47De cette communion d’esprit entre littérature et humanisme que partagent Claudel et Maurice Martin du Gard, il ne faut pourtant pas conclure à une identité. Dans sa lettre, Claudel évoque bien « de[s] faits et de[s] sentiments promus par l’expression à une portée générale ». Comme écrivain, Claudel est responsable de cette « portée générale » qui est l’objet même de la littérature. Chez lui, toute la vie entre dans son œuvre littéraire, mais pour y gagner une valeur générale, exemplaire, parabolique que les faits bruts n’avaient pas ; c’est pourquoi il existe aussi et essentiellement chez Claudel une pensée précise de ce qu’est la littérature, portée par une conception générale du monde, exprimée notamment dans L’Art poétique.
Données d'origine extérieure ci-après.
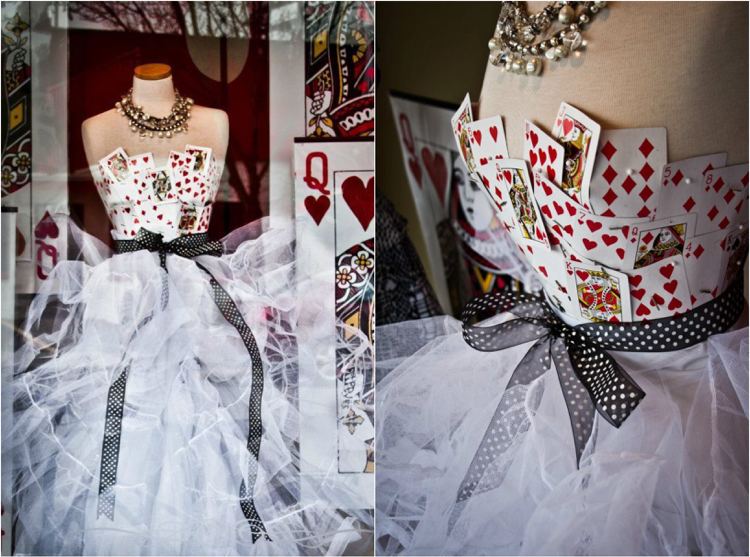 Gör det själv Queen of Hearts kostymklänning spelkort topp vit tutu kjol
Maurice Martin du Gard, lui, n’est pas un écrivain. Malgré l’indéniable réussite formelle et stylistique, Les Mémorables sont d’abord un témoignage sur un monde littéraire disparu, témoignage centré sur les hommes beaucoup plus que sur leurs œuvres. Il réinstaure certes de l’humanité derrière la littérature, mais cette humanité oblitère l’aspect proprement littéraire et général. Il a conscience d’un Claudel nouveau Dante, mais ce n’est pas ce « génie » qu’il creuse et étudie à partir de l’œuvre : la personne parfois ridicule, frustre ou bornée qu’il a en face de lui s’impose bien davantage. Tout en ayant conscience, comme Proust, que l’œuvre littéraire est issu du « moi profond », la surface, donc, l’emporte, mais il faut avouer que cette surface, creusée au scalpel, a son charme.